For the past few days I am trying to comprehend why / how this blockchain even gained it's recent popularity. From the perspective of a seasoned programmer I can see all the flaws it has and how painful it is to set-up for new developers. Even I am struggling.
Let's dive into the problems deeper:
1. Who the f**k decided to use Rust as a main language for Smart Contracts?
Coming from Ethereum background this one really does not spark joy. Rust is an idiotic language. Not really hard to learn but not really widespread as well. It's compilation time is atrocious and you will constantly bump into problems with "cargo" package manager. To be fair, I spent most of the last few days dealing with cargo dependency conflicts instead of coding.
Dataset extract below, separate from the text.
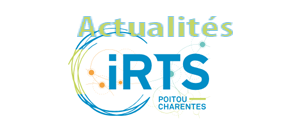 IRTS Poitou-Charentes - Nouvelle-Aquitaine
2. Pain in the ass for newcomers
It has NO remix-like software like ETH / EVM chains have. And no, beta.solpg.io where you can not even inject your own wallet does not count. If you want to onboard new devs you need to make your software more accessible and not pain in the ass to set-up and work with.
3. Their naming is a joke
Solana team somehow wants to be different at all costs so they invented their own words. They don't call Smart Contracts contracts, no, they call them "Programs". Contract address is "Program ID" and god forbit calling contract-derived wallet a wallet. It's PDA now. Why? Because Ethereum Foundation came up with a name Smart Contract so you need to be different at all costs? This just spreads confusion. When I was reading documentation (and yes, I read it all and had a migraine from that) I was constantly confused and needed to traceback to previous pages to check what they mean by various special terms they invented. Just why? Stick the norm for god sake!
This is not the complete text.